Inspiration

ScholarGraph was inspired by the need to enhance research and analysis in academic fields. Traditional research methods involve manually searching through vast amounts of literature, identifying relevant papers, and analyzing their content. Understanding the collaboration networks among researchers and the impact of their work is challenging. The sheer volume of scientific literature makes it difficult for researchers to stay updated on the latest developments in their field. With the huge volume of data available, it is important to look at an interest area holistically and provide a comprehensive study and analysis.

Hence, this project leverages graph theory to model complex relationships between papers, authors, and topics, providing a comprehensive view of the research landscape. By utilizing the Arxiv HEP-TH citation graph, which includes 27,770 papers and 352,807 edges, ScholarGraph aims to facilitate deeper insights into scientific contributions and collaborations

What it does

ScholarGraph is a powerful tool designed to generate a deep research based report grounded in truth by GraphRAG. It analyzes the interconnectedness of academic papers, authors, and topics.
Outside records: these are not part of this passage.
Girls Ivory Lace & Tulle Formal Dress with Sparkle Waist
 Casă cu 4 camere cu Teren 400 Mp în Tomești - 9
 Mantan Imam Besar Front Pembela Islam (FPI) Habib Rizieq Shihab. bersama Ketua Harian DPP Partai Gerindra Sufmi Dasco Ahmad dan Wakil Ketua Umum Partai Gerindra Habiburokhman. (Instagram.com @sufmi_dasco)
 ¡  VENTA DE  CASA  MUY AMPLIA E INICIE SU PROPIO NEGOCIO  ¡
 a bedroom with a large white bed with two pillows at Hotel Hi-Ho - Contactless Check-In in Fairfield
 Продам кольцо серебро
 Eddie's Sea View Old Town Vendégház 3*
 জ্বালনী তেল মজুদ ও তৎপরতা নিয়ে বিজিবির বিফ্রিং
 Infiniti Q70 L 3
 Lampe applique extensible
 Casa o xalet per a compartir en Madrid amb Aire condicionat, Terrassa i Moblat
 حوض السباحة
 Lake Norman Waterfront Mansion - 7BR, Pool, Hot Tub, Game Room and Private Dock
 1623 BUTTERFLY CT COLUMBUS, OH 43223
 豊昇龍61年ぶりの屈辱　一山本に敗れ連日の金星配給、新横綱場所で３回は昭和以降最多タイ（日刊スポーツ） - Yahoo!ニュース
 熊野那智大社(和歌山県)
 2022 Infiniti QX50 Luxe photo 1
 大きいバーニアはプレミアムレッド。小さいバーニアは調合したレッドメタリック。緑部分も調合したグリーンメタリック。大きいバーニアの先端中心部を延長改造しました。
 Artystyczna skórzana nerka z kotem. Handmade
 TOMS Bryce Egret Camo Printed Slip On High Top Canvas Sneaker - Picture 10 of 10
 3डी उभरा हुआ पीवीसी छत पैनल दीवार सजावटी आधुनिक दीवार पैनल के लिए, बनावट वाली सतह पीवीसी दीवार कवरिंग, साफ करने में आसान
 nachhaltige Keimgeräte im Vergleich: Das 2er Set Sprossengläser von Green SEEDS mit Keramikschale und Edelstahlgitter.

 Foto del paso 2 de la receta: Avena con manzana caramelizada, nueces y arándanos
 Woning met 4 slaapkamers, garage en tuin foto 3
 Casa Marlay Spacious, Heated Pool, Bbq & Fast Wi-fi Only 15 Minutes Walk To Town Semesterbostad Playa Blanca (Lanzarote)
It extracts relevant information from paper abstracts, models topics as nodes linked to papers, and constructs a citation network that reveals the impact and influence of each paper. This platform allows users to identify key authors, topics, and papers, making it easier to navigate the vast literature. The key features are:

1. Deep Research Agent for Research:

An Agent who can generate plan for Research Strategies and Execute the Steps using Semantic RAG and GraphRAG. Also, re-fine the plan based on answers and prepare comprehensive reports spanning multiple topics.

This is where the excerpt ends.